La première fois que j’ai vu la montagne, c’était le huit septembre deux-mille-trois. Je ne me souviens plus vraiment du temps qu’il faisait, il y avait sûrement des nuages puisque mes chaussures étaient mouillées. Pourtant, j’ai clairement vu les huit lunes dans le ciel.

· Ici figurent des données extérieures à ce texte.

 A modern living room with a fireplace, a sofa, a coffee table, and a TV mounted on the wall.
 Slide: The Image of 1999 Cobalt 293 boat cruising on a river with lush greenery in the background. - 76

En vérité, je sortais de chez le coiffeur, mes cheveux encore un peu humides et j’ai senti le vent frais venir les secouer. Je frissonnais. Et au loin, je voyais la montagne, et les lunes. J’ai marché vers elle. Sans courir, je suivais le sentier. À cet instant, je me souviens m’être demandé ce que faisait un sentier au milieu d’une ville, mais je ne me suis pas retourné. J’ai avancé calmement. Je ne me souviens que peu de ce que j’ai pu croiser. À un moment, j’ai senti que je fatiguais. Je me suis posé sur le bord du chemin et j’ai commencé à dessiner. Le ciel était couvert, la pluie a mouillé ma feuille. Non, je m’en rappelle, j’ai regardé le ciel et il n’y avait pas le moindre nuage. Les astres se déplaçaient bien trop vite. J’essayais de les représenter avec une frénésie que je ne me connaissais pas et que je n’ai jamais retrouvée. La pluie, surgissant du vide, frappait la feuille que je couvrais de mon corps. J’ai cassé ma mine plusieurs fois et mon taille-crayon me glissait des mains. Je sentais aussi la chaleur du soleil et le froid de l’averse. Saisissant mes affaires, je me suis mis à courir, vers la montagne. Je ne sais plus combien de temps ça a duré. J’ai finalement atteint un village.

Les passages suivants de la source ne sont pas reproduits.